If you go thru them "Alan Tani" style they will serve you well.


----------



## capcoe

*Quality Reels*

Check Ebay for Penn Internationals and Shimano's, if you take your time you can get some good used reels fairly cheap. I bought some cheap Okuma reels a couple years ago, won't make that mistake again. Don't know anything about the Titus though. Good luck.


----------



## Kevdog540

After reading multiple poor reviews online I took my chances and bought a gold 50w a few years ago. Before it saw the water I went through it and greased everything following the Alan tani thread and haven't had any problems with it. New they come with very little if any grease inside so if I were buying a used one I would inspect it thoroughly.


----------



## Downtime2

Outcast sale is in a few weeks, wait and see what turns up there. I have seen great deals on new and consignment reels then.


----------



## PorknBeans

Well I think I might pull the trigger on this deal. The seller has dropped the price, and they have the "Alan Tani stamp of approval". Anyone else have any input for me?

Thanks in advance!!!


----------



## Mikvi

I have 5 Okuma Gold Titis 2 speeds. One I've had 10 years. Never had a problem. Just have them cleaned every year. Had Penn Internationals before, but didn't want to spend the money. I'd say go for it. People on PFF know my reels get used


----------



## 24ft fishmaster

I have the titus ts 50w has worked great for me. okuma makes cheap products and good products just like diawa you get what you pay for. I also use the okuma cedros cj95 reel paired with with cedros jigging rod,the convecter reels,and love the trio 30s for the smaller fish.


----------



## JMB

I own one that has been used twice and been relegated to the same fate that the seller of the 2 you are interested in buying....decoration!

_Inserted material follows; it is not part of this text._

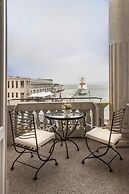 Savoia Excelsior Palace Trieste – Starhotels Collezione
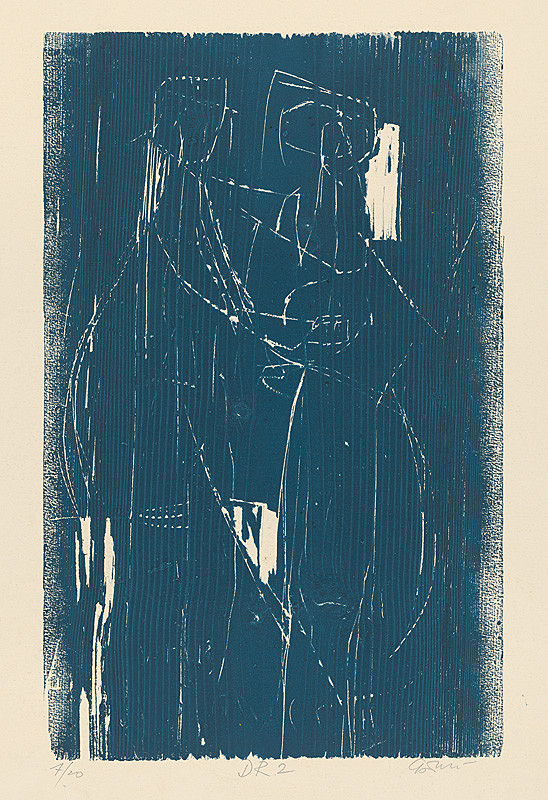 Andrej Doboš – List  D R  2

First trip out a 10# Bonita locked the drag up on a Okuma Titus Silver II 50W!?!?

Sent back to Okuma and they charged me because the reel was bought (not used) over 12 months from purchase. 

Last time I took it out (after a few years sitting up), since guilt was killing me for having bought the POS, the clicker on the spring went boing! 

The reel has been on the boat no more than 6 times and used maybe 3 times, 2 of which there were failures. 

A buddy said I should put on Ebay, CL, or here to sell. But, I just couldn't screw someone like Okuma does. 

A good deal is not a good deal if it costs you more money. These will! Even if you spend to get them to up to "A.T." Level you still have a crappy reel that may cost you fish!

Alright, getting pissed again!

By the time you buy these and upgrade you could buy some TLD50W from River Supply or other discounter and have a hell of a reel and deal. 

Run....and fast!


----------



## ablesbradley

Okuma all the Way, I have shimanos, buy my okuma out performs them, but the shimano is next best bet.


----------



## Gotta Gaff 'Em

Hate em, might as well bury them in sand. See if you can find someone who is selling a pair of penns. Ill take a used and abused penn over a new okuma any day of the week. Heck Id take a used shimano too


----------



## PJIII

Most of my reels are okuma never had a problem. Any reel can be a lemon!!


----------